Il 25 gennaio del 2016 il nome di Giulio si unì a quelli dei tanti egiziani e delle tante egiziane vittime di sparizione forzata e poi di tortura e di omicidio in Egitto.
Nei tre anni trascorsi da allora, come sappiamo, le autorità egiziane si sono ostinate a non rendere noti i nomi di chi ha ordinato, di chi ha eseguito, di chi ha coperto e ancora copre il sequestro, la tortura e l’omicidio di Giulio. Sono stati 48 mesi di “fuffa”, come l’ha definita sere fa la mamma di Giulio a “Che tempo che fa”: 48 mesi di depistaggi, insabbiamenti, promesse non mantenute, finta cordialità e anche cinque egiziani innocenti assassinati per accreditare la falsa pista della banda criminale che prendeva di mira gli stranieri.
Roma, sede di via Carducci
Contro quella “fuffa” c’è chi si è impegnato al massimo: la procura di Roma, singoli esponenti delle istituzioni (quali il presidente della Camera Fico e quello della neo-costituita commissione parlamentare d’inchiesta, Palazzotto), non pochi organi d’informazione italiani e internazionali, le attiviste e gli attivisti per i diritti umani egiziani oltre naturalmente ai genitori di Giulio e alla loro avvocata Alessandra Ballerini.
Ma a quella “fuffa” quattro diversi governi italiani non hanno voluto opporsi con la necessaria costanza e la doverosa fermezza. L’unico segnale di irritazione, manifestato attraverso un gesto di “inimicizia diplomatica”, ossia il richiamo dell’ambasciatore italiano al Cairo, è durato poco più di un anno, dall’aprile 2016 all’agosto 2017.

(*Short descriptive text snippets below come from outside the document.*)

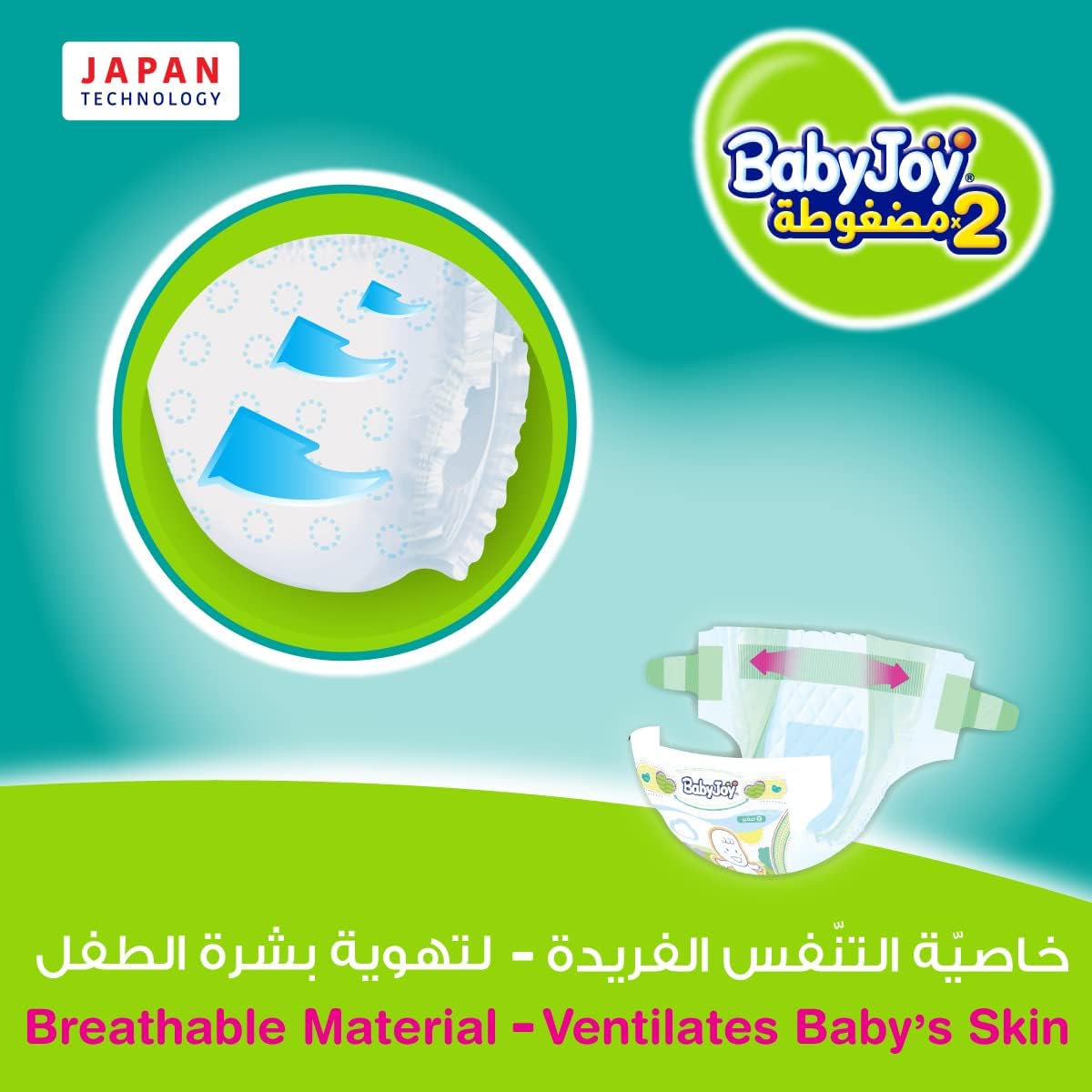 Babyjoy Compressed Diamond Pad, Size 2, Small, 3.5-7 Kg, Jumbo Box, 136 Diapers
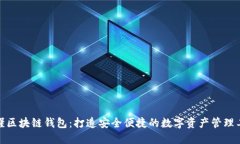 微懂区块链钱包：打造安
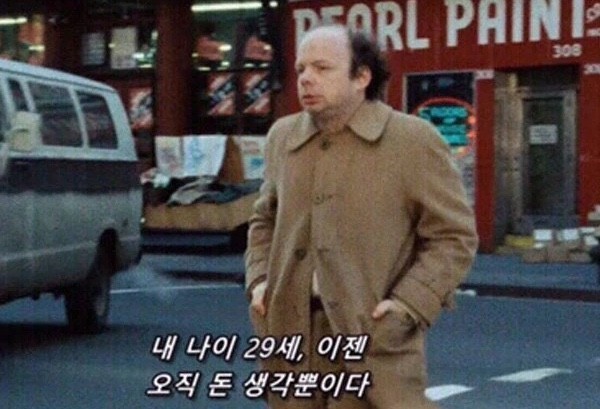 숙성창고 이미지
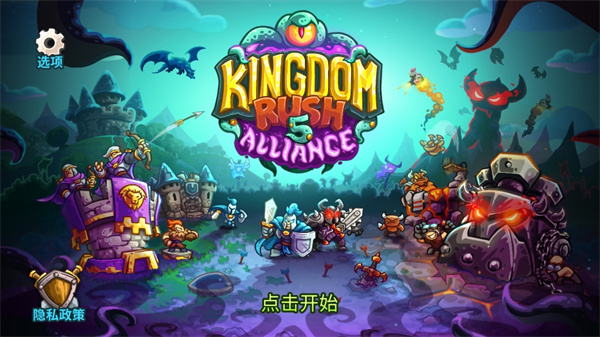 王国保卫战5：联盟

Il ripristino delle normali relazioni diplomatiche tra Italia ed Egitto è stato interpretato, purtroppo giustamente, dalle autorità di quest’ultimo paese come una dichiarazione di resa. I rapporti economici e commerciali – appena scalfiti dalla decisione di richiamare l’ambasciatore – sono aumentati, la cooperazione su vari dossier regionali e internazionali è proseguita armoniosamente. La strategia italiana di chiedere, come fosse un mero favore in nome dei buoni rapporti, la verità per Giulio è stata fallimentare.
Occorre altro. I genitori di Giulio Regeni chiedono che venga nuovamente richiamato l’ambasciatore italiano al Cairo ed è una sollecitazione del tutto condivisibile.
In questi quattro anni su centinaia di edifici pubblici, scuole, università, balconi di abitazioni private è stato affisso lo striscione “Verità per Giulio Regeni”. In tempi nei quali cause, campagne e tendenze si bruciano nel giro di una settimana, è straordinariamente bello che quel colore giallo (ormai chiamato “giallo Giulio”) continui a essere così visibile.
Le Filiali di Banca Etica
Certo, non mancano coloro per i quali le campagne hanno un tempo limitato, scaduto il quale dall’esigenza della verità si passa al dovere della memoria. Ma è più semplice ignorarli. C’è una moltitudine di persone che non vuole fermarsi, non cessa di manifestare passione civile e vicinanza alla famiglia di Giulio.
E c’è, ogni settimana, chi a quella moltitudine di persone vuole aggiungersi, nel modo più evidente e palese possibile: come Banca Etica, che ha dedicato la sala riunioni della sua sede principale a Giulio Regeni e ha fornito alle sue filiali gli striscioni della campagna.